In der bayerischen Landeshauptstadt München gab es schon eine Demonstration gegen das Genderverbot.
In der bayerischen Landeshauptstadt München gab es schon eine Demonstration gegen das Genderverbot.
IMAGO/Wolfgang Maria Weber

Auf den ersten Blick ist das, was die CSU im bayerischen Schweinfurt veröffentlicht hat, eine ganz normale Stellenanzeige. Gesucht wird jemand, der 20 Stunden im Team mitarbeitet. Und doch sorgt das Inserat im Internet derzeit für Diskussion und vielerorts auch für Häme. Denn da steht ganz deutlich das Wort "Assistent:in". Die CSU in Schweinfurt verwendet also gendergerechte Sprache.

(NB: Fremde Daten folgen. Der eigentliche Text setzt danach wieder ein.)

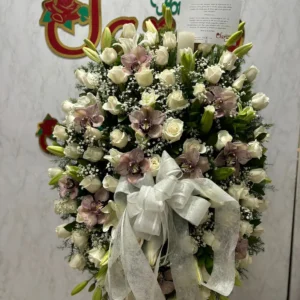 Corona funebre en rosas y orquideas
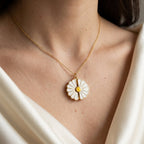 Collier marguerite doré porté au cou, pétales blancs et cœur jaune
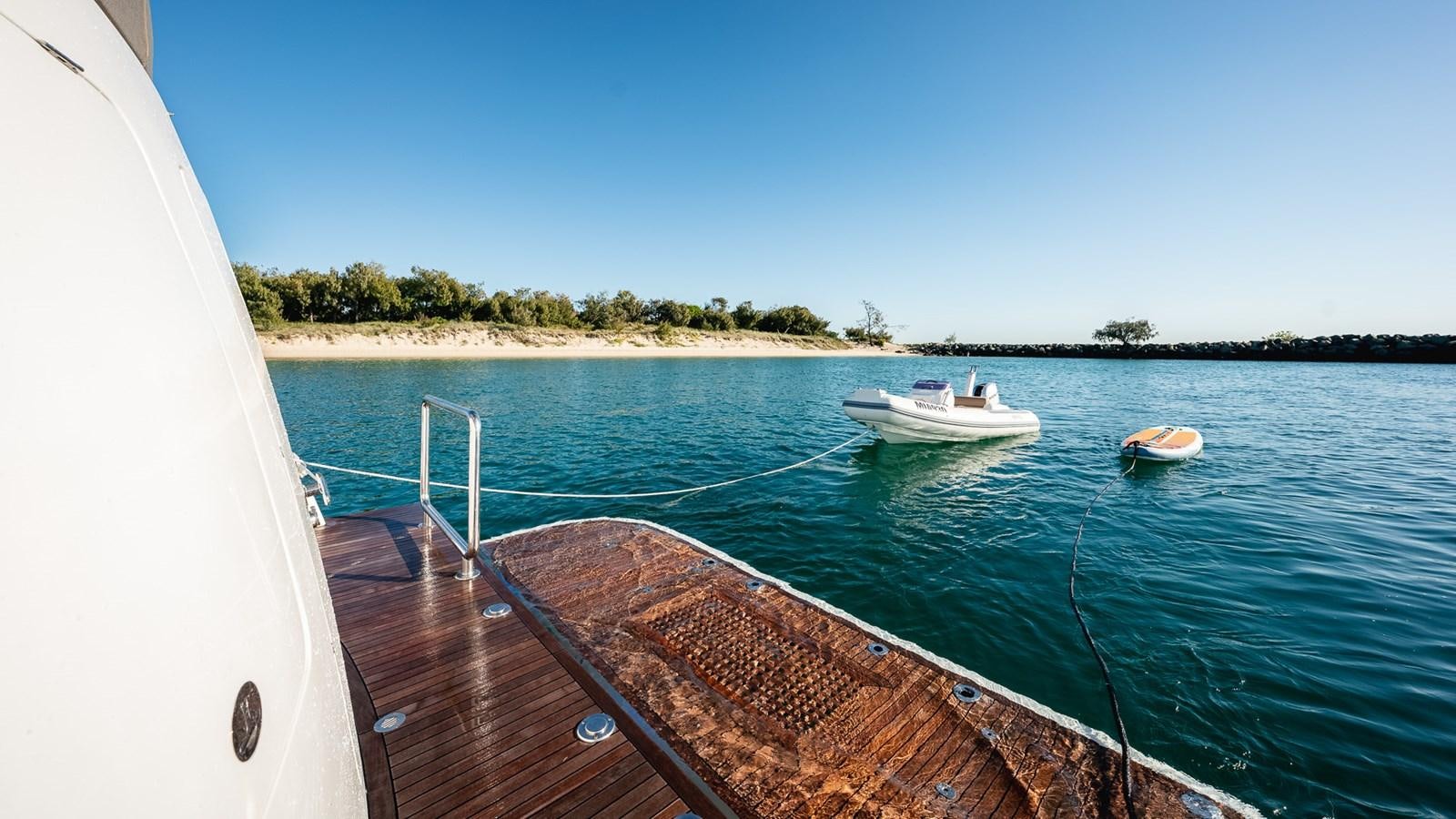 a boat on the water aboard OHANA Yacht for Sale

Ob das ihrem Chef, dem Parteivorsitzenden und bayerischen Ministerpräsidenten Markus Söder, gefällt? Er hat nämlich einen gegenteiligen Weg eingeschlagen. Als erstes deutsches Bundesland verbietet Bayern – ab 1. April – das Gendern in Behörden, Schulen und Hochschulen. Wortbinnenzeichen wie Gendergap (Bayer innen), Genderstern (Bayer*innen), Doppelpunkt (Bayer:innen) oder Binnenmajuskel (BayerInnen) sind dann nicht mehr erlaubt. Geändert hat das Kabinett dafür die Allgemeine Geschäftsordnung für die Behörden des Freistaats Bayern (AGO).

"Sprache muss klar sein"

"Für uns ist die klare Botschaft: Sprache muss klar und verständlich sein", sagt Staatskanzleichef Florian Herrmann (CSU) und weist auch darauf hin, dass die Entscheidung "unabhängig von etwaigen künftigen Entscheidungen des Rats für deutsche Rechtschreibung zur Frage der Verwendung von Sonderzeichen" gelte.

Das Verbot bedeutet: Auf Websites von Behörden, Schulen oder Unis darf geschlechtersensible Sprache nicht mehr angewandt werden. Dasselbe gilt für den dienstlichen Schriftverkehr, Eltern dürfen also kein Schreiben mehr erhalten, in dem von "Schüler:innen" die Rede ist. Bei Nichtbeachtung drohen disziplinarrechtliche Konsequenzen. Schülerinnen und Schüler dürfen allerdings weiter gendern.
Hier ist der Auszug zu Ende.